The hts_set_opt method does the selection of specified fields. There are flags indicating specific fields, like SAM_FLAG, SAM_SEQ, SAM_QNAME, in alignment data and a combination of flags for the required fields can be passed with CRAM_OPT_REQUIRED_FIELDS to this api.
...
//select required field alone, this is useful for CRAM alone
if (hts_set_opt(infile, CRAM_OPT_REQUIRED_FIELDS, SAM_FLAG) < 0)
... // error
//read header
in_samhdr = sam_hdr_read(infile);
...
//read data, check flags and update count
while ((c = sam_read1(infile, in_samhdr, bamdata)) >= 0) {
if (bamdata->core.flag & BAM_FREAD1)
cntread1++;
...
Refer: flags_htsopt_field.c
The HTSLib api supports thread pooling for better performance. There are a few ways in which this can be used. The pool can be made specific for a file or a generic pool can be created and shared across multiple files. Thread pool can also be used to execute user defined tasks. The tasks are to be added to queue, threads in pool executes them and results can be queued back if required.

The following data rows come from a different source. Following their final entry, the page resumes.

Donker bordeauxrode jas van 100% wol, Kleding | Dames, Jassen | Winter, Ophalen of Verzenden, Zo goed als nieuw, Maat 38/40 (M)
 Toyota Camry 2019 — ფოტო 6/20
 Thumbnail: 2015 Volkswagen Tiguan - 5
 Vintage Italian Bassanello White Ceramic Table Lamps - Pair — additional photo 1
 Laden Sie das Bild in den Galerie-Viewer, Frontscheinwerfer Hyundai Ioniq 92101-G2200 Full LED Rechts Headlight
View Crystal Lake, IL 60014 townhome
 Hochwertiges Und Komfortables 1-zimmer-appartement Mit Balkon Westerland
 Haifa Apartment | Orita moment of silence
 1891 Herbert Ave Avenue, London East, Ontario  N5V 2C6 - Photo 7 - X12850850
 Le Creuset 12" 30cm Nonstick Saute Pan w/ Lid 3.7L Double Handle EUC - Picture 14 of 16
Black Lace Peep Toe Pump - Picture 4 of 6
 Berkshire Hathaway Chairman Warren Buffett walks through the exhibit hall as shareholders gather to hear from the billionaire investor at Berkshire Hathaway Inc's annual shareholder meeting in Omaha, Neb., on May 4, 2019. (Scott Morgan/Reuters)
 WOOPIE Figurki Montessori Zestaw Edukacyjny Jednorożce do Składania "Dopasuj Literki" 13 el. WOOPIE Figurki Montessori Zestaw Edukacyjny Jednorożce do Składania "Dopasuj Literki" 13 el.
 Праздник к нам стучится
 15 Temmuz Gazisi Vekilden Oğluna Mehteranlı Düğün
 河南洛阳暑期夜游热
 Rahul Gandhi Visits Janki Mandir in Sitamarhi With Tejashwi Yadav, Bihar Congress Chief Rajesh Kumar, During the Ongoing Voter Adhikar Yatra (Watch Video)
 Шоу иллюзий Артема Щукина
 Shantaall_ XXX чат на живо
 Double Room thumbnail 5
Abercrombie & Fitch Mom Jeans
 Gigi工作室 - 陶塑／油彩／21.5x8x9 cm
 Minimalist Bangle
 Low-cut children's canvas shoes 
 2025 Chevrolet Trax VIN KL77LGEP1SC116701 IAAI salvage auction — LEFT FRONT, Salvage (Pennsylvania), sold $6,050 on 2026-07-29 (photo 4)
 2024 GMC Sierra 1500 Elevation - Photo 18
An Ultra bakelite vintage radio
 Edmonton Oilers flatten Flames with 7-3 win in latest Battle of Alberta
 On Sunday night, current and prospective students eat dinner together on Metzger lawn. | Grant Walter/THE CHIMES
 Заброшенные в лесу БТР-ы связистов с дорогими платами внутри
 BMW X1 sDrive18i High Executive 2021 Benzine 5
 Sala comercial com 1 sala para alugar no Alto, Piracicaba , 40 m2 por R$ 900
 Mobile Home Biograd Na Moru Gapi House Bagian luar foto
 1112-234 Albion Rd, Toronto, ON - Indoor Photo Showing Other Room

To have a thread pool specific for a file, hts_set_opt api can be used with the file pointer, HTS_OPT_NTHREADS and the number of threads to be in the pool. Thread pool is released on closure of file. To have a thread pool which can be shared across different files, it needs to be initialized using hts_tpool_init api, passing number of threads as an argument. This thread pool can be associated with a file using hts_set_opt api. The file pointer, HTS_OPT_THREAD_POOL and the thread pool address are to be passed as arguments to the api. The thread pool has to be released with hts_tpool_destroy.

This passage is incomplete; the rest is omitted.